Cherene Sherrard-Johnson opens her provocative and intriguing book, Portraits of the New Negro Woman, with a reading of a painting by Harlem Renaissance artist Archibald Motley. One of Motley's many portraits of mixed-race women in a 1928 solo exhibition, A Mulatress, drew a great deal of attention, even appearing on the front cover of the exhibition catalogue and in reviews of the show. Critics used a language of racial classification, rather than of painterly inquiry, to discuss Motley's work; they described it and other works in terms of race and primitivism, rather than as meditations on line, color, or composition. Sherrard-Johnson uses the portrait and reactions to it to set up the central concern for her book: the aesthetically and culturally complex representations of the mulatta in the visual and literary work of the Harlem Renaissance. Images of mixed-race women—in novels, films, paintings, and illustrations—engage with racially inflected discourse, evident in interpretations of Motley's portraits: Mulattas in Sherrard-Johnson's visual and textual sources are simultaneously proper and primitive, domestic and desirable, civilized and sexual. As such, they are most significantly also a central part of the Harlem Renaissance's wrestling with race, gender, sexuality, and class.

Sherrard-Johnson's work is part of a recent trend in Harlem Renaissance studies to explore the literary work of the era in conjunction with visual—rather than musical—sources. Portraits of the New Negro Woman deftly reads a range of visual material and literary texts in a conversational structure. Sherrard-Johnson argues that by placing these sources in conversation with each other, we may discern a common grammar, one that relies on the visual even within literary texts to negotiate the often contradictory ideas of race, gender, sexuality, and class. These contradictions are ascribed to and evident in representations of the mulatta, a figure "of mediation, desire, transcendence, [End Page 182] tragedy, respectability, and transgression" (17). Portraits of the New Negro Woman opens by situating literary and visual images of mixed-race women in nineteenth-century American cultural forms, arguing that these representations contain—or rather fail to contain—competing ideas of African American femininity. Mulattas are figured ultimately as an "ambiguous symbol of racial uplift" (xx), who stand for the "connection between the commodification of the black female body and the aristocraticizing of the black race" (11).

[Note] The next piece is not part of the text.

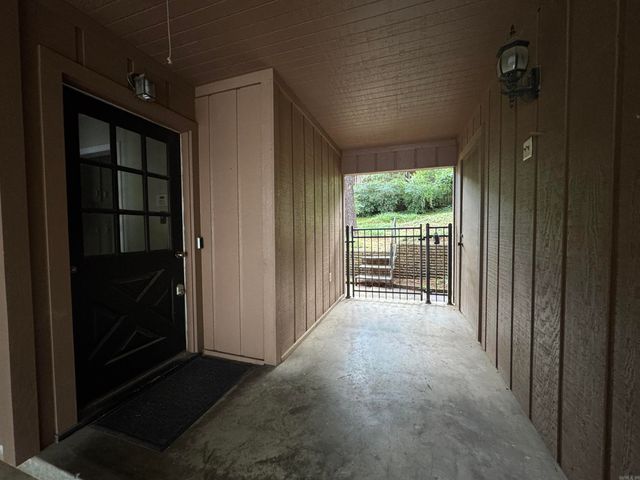 1311 Starfield Road, North Little Rock, AR 72116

In her first chapter, Sherrard-Johnson's juxtaposition of Motley's and Larsen's works points to the mixed-race woman as struggling with her status "as an iconic fetish," both aristocratic and exotic, a position that undermines the desire for independence that drives Larsen's heroines (22). "Using Motley's work as a . . . codex," the author argues that Larsen uses a modernist visual orientation, one that relies on Orientalism, to critique limiting visual representations of mulattas (24). Sherrard-Johnson next considers Jesse Fauset's meditation on passing and the New Negro female artist. Plum Bun, she argues, explores the marketing of mulatta identity through the tensions in Angela Murray's movement, through passing, between two social positions: the avant-garde modernist artist and the New Negro woman. Sherrard-Johnson makes her case by positioning the novel against illustrations and advertisements that appeared in the Crisis. The third chapter considers Fauset's work "as a primer" for film, a site where the visual and the literary meet (78). This chapter analyzes literary tropes of the modernist mulatta in the new technology of 1920s and 1930s cinema, which continues to deploy and critique mixed-race identity both as New Negro woman of uplift and as sexual and exotic creature who may compromise static categories of gender, race, and class.

Sherrard-Johnson's pairing of Jean Toomer's Cane and William H. Johnson's painting moves the iconography of the mulatta to the South, thereby contesting the Harlem-centric idea of the Harlem Renaissance. In addition, her pairing...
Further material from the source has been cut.